4. Applications in Model Compression, Privacy, and Anomaly Detection

OTT manifests across several key domains:

KV-Cache Quantization: OTT is integrated into transformer inference pipelines to drastically compress key and value caches (up to $6.4\times$ memory reduction and $2.3\times$ throughput increase at 2-bit quantization) by excluding dynamically selected outlier tokens from quantization, preserving near-FP16 accuracy (Su et al., 16 May 2025).
Attention Mechanism and Interpretability: OTT is used to trace, visualize, and experimentally intervene on attention sinks and outlier features, providing interpretability and informing pruning or low-rank approximation schemes required for robust compression (Zhang et al., 2 Feb 2025).
Anomaly/Grammatical Error Detection: Oddballness-based OTT achieves superior F0.5 scores over low-likelihood and top-K exclusion detectors in unsupervised grammatical error detection across English and other languages, with robust thresholding and model independence (Graliński et al., 2024).
Training Data Influence and Privacy Tracing: OTT, as realized in HAIF, improves privacy tracing accuracy by more than 20 percentage points over baselines, robustly identifying true provenance samples even under challenging offset and length perturbations in user prompts (Liu et al., 2024).

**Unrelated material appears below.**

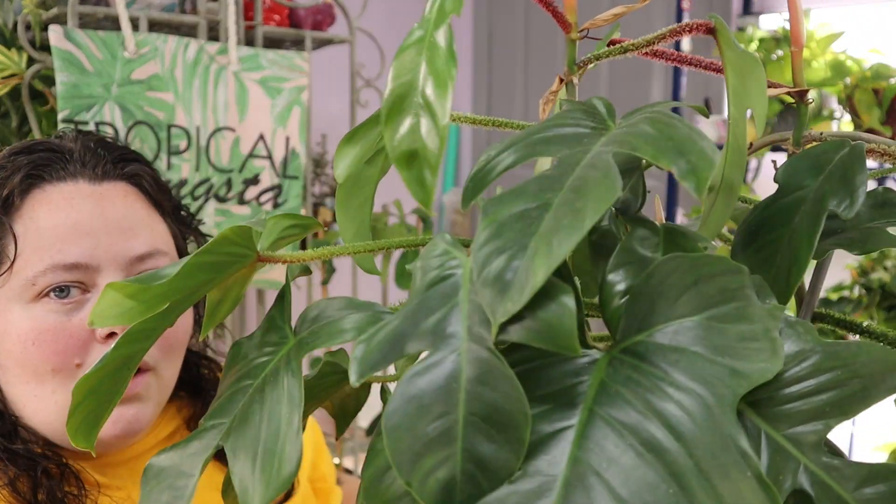So vlogmas day 10 of my climbing slash crawling philodendron collection is going to be my philodendron squamiferum.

5. Practical Considerations and Hyperparameter Selection

OTT pipeline deployment hinges on several empirically calibrated hyperparameters:

Use Case	Key OTT Hyperparameters	Empirically Supported Values
KV-Quantization	Group size $G$ , window $R$ , pool size $N$	$G=128$ , $R=32$ , $N=3$
Attention Sink Trace	Logit threshold $\alpha$ , sink count threshold $\beta$	$\alpha=3$ , $\beta=0.5\cdot L$
Oddballness OTT	LM context $K_{ctx}$ , stats window $N_{stats}$ , thresholds $E, Z$	$K_{ctx}=512$ -$2048$, $N_{stats}=200$ , $\theta_E=0.85-0.9$ , $\theta_Z=2-3$
HAIF (Privacy Trace)	Weighting function $W(u)$ , outlier cutoff $\alpha$	$W(u)=1/u$ , $\alpha=2$ or $3$

Empirical studies show OTT’s gains plateau at small $N \approx 3$ outliers per layer in quantization. Oddballness scores are robust to model, language, and prompt variability. For IF-based tracing, HAIF’s double adjustment, even under varied prompt/response lengths, maintains >80% tracing accuracy on realistic data (Su et al., 16 May 2025, Graliński et al., 2024, Liu et al., 2024).

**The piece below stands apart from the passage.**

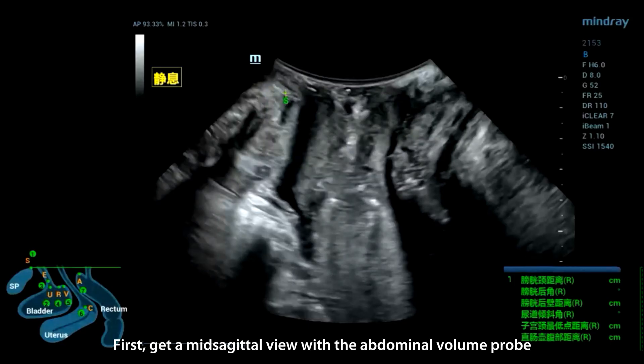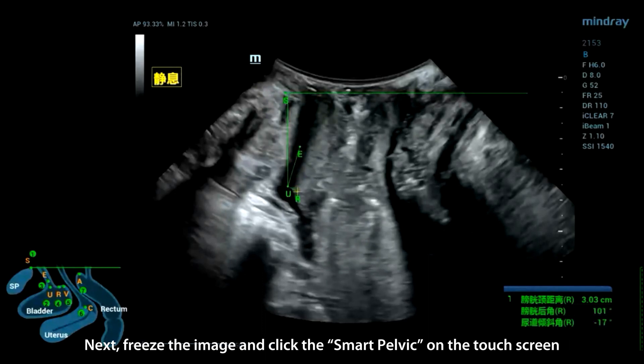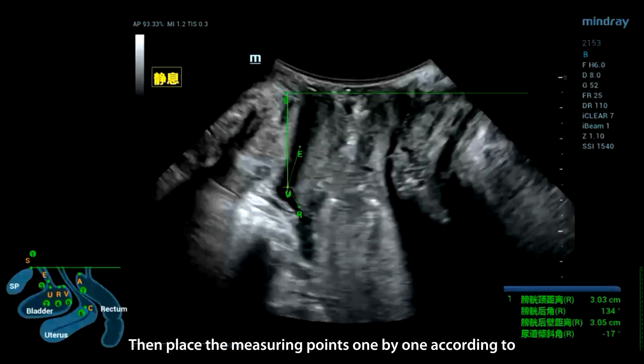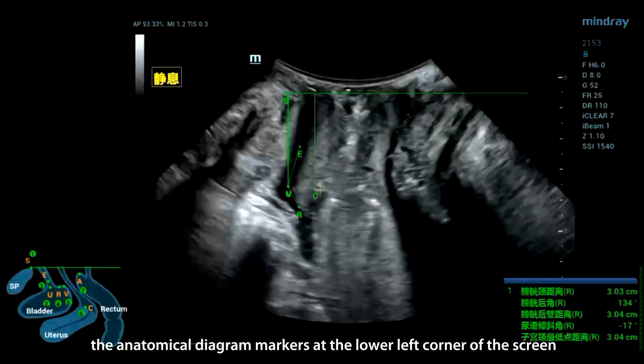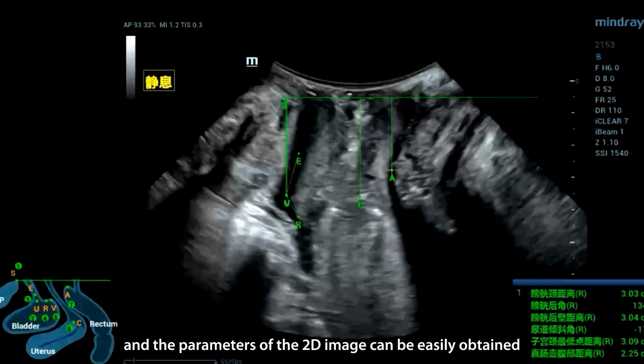First, get a mid-sagittal view with the abdominal volume probe. Next, freeze the image and click Smart Pelvic on the touchscreen. Then place the measuring points one by one according to the anatomical diagram markers at the lower left corner of the screen, and the parameters of the 2D image can be easily obtained.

6. Open Problems and Theoretical Considerations

Current OTT methods leverage heuristic weight functions, empirical thresholds, and statistical proxies for outlier-ness. Theoretical justifications for choices like $W(u)$ in HAIF or the exact role of outlier-driven rescaling in model generalization are largely open. There is ongoing investigation into principled robustifications of influence functions and generalization to modalities beyond language, as well as the impact of hierarchical (phrase- or sentence-level) outlier phenomena (Liu et al., 2024, Qiu et al., 30 Jan 2026). The necessity of low-rank parameter retention for semantic reliability in task-specific pruning remains an active research area (Zhang et al., 2 Feb 2025).

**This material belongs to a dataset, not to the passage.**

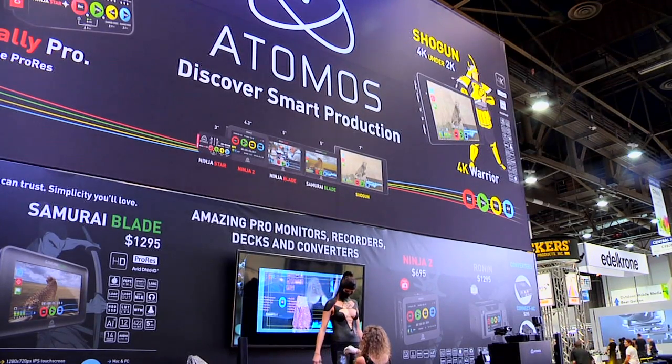Hi, Sue Lawson here at NAB with Jeremy Younger — as I like to think of him, Mr. Adamus himself.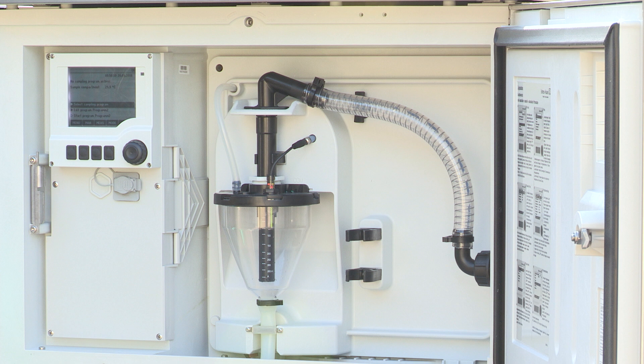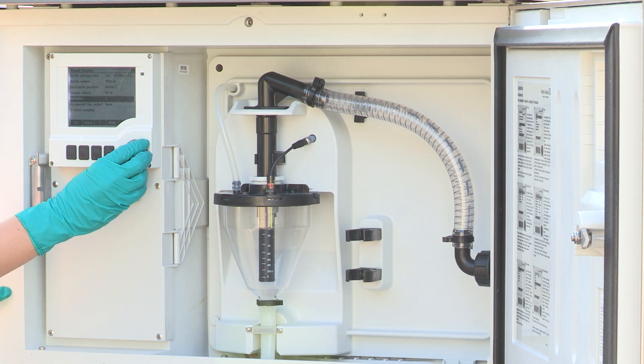To guarantee proper operation of the sampler, please perform a manual sampling test. Therefore select 'Manual' and then 'Start Sampling'.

7. Significance and Future Directions

OTT frameworks have established themselves as crucial in bridging deployment efficiency and functional fidelity in LLMs, providing robust handles on interpretability, outlier-driven model behavior, privacy attribution, and real-world task robustness. Their ongoing evolution will likely expand through more theoretically grounded criteria for outlier detection, efficient implementation in increasingly larger models, and broader application in domains with analogous outlier effects. The integration of OTT into standard model pipelines demonstrates its efficacy and the importance of adaptive, token-level anomaly tracing in contemporary machine learning systems (Su et al., 16 May 2025, Qiu et al., 30 Jan 2026, Zhang et al., 2 Feb 2025, Graliński et al., 2024, Liu et al., 2024).